▸ Instructions for the task
Where the records below show a line containing "B317 Marathon 1/2", start copying; end with the line containing "Mocha Ramadan Cushion Cover", and copy it too.

▸ Material provided
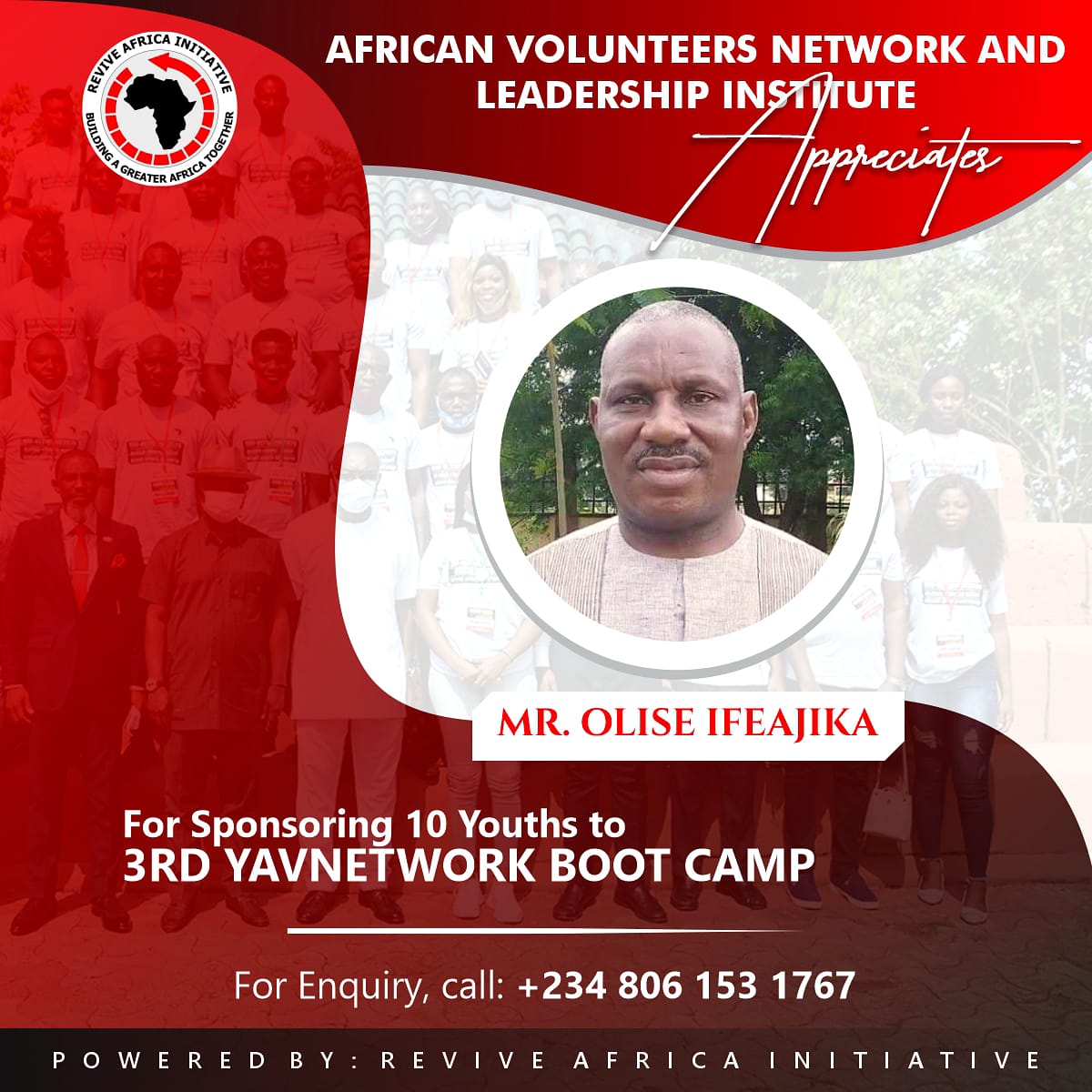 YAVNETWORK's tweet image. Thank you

==

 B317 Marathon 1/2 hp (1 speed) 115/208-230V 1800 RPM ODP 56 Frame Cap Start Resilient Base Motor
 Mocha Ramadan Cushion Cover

▸ Exercise solution
 B317 Marathon 1/2 hp (1 speed) 115/208-230V 1800 RPM ODP 56 Frame Cap Start Resilient Base Motor
 Mocha Ramadan Cushion Cover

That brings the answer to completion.